FIG. 4a of our prior application is reproduced here as FIG. 2b and illustrates a shift pattern of the type wherein P=6 and S=2. This pattern contains three color filter elements, green (G), cyan (Cy) and white (W), having a sequence G,Cy,G,G,W,G. The sequence of each sequential row is shifted two elements to the left from the sequence of the preceeding row. Thus, the pattern repeats in the vertical direction after P/S or three rows. If P/S is not an integer, the pattern would repeat vertically after P rows.

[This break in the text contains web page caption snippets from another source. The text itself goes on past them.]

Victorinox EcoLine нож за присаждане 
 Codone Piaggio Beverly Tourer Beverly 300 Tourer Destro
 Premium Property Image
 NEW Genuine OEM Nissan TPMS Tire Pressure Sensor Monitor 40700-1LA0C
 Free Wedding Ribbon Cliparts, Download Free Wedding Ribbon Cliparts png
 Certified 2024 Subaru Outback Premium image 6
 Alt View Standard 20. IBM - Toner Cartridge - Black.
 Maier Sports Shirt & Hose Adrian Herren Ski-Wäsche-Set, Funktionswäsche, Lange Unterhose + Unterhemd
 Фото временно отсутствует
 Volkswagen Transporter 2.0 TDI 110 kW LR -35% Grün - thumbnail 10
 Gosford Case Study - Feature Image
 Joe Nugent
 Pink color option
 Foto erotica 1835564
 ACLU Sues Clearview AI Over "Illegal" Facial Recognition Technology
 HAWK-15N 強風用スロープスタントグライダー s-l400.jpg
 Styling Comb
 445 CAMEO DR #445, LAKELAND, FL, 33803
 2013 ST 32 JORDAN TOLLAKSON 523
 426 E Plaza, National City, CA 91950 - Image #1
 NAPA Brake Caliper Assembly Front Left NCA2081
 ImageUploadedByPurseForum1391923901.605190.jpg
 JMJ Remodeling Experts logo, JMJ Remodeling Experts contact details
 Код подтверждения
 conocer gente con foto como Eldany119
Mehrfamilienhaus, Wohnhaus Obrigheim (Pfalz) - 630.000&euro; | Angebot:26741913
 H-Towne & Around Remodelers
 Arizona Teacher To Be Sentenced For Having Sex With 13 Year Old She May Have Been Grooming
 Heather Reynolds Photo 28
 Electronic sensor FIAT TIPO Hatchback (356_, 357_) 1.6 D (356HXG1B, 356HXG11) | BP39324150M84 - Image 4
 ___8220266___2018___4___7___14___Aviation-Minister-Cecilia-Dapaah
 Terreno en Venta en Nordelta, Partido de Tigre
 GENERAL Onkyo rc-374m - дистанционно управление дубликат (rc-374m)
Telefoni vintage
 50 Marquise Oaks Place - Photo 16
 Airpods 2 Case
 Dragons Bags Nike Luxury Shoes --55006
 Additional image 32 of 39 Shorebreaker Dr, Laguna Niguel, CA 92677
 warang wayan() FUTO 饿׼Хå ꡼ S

It has been found that when shift patterns of the type illustrated in FIG. 2b are used in conjunction with a CCD imager having a relatively high vertical crosstalk (light energy illuminating one filter row is received by collection sites of the imager as if the light energy also illuminated the vertically adjacent filter rows) only two independent color signals can be decoded. For example, if the vertical crosstalk is 331/3%, when light is directed at the second filter row, it is received by the lines of collection sites of the imager as if the filter rows both above and below the second row were also illuminated. This causes 662/3% of the light which illuminated the second filter row to be received in the line of imager collection sites optically aligned with the second filter row and the remaining 331/3% of the light which illuminated the second filter row to be received in adjacent lines of image collection sites. Thus, as noted by inspection of FIG. 2b, since the filter pattern repeats in the vertical direction every third line, irrespective of which filter element is illuminated, only two color signals are provided by the filter i.e. GGW and GGCy. In practice, this type of pattern is noticeably degraded at CCD vertical crosstalk levels exceeding 25%, which crosstalk levels can not be reduced economically with today's technology, as far as known by the inventor herein. A color filter pattern described in our prior application and illustrated herein as FIG. 2c has a vertical period of four filter elements and is less sensitive to vertical crosstalk due to the greater number of different vertically adjacent filter elements. Unfortunately, as noted in our prior application, no analog color decoding scheme has been found which is suitable for processing the signals generated by this pattern. Although a generalized digital signal processing circuit such as described in our prior application can be utilized to provide satisfactory decoding, it would require a substantial number of digital integrated circuits. Consequently the decoding circuitry would require a substantial volume and consume a significant amount of power, which requirements are not compatible with small size and light weight of a portable color camera, for which the color encoding filter/CCD imager combination is ideally suited.
Therefore, it is desirable to provide a shift type color encoding filter pattern having a color sequence which has a vertical repetition sequence of not less than four rows and which lends itself to relatively simple and therefore economical analog decoding.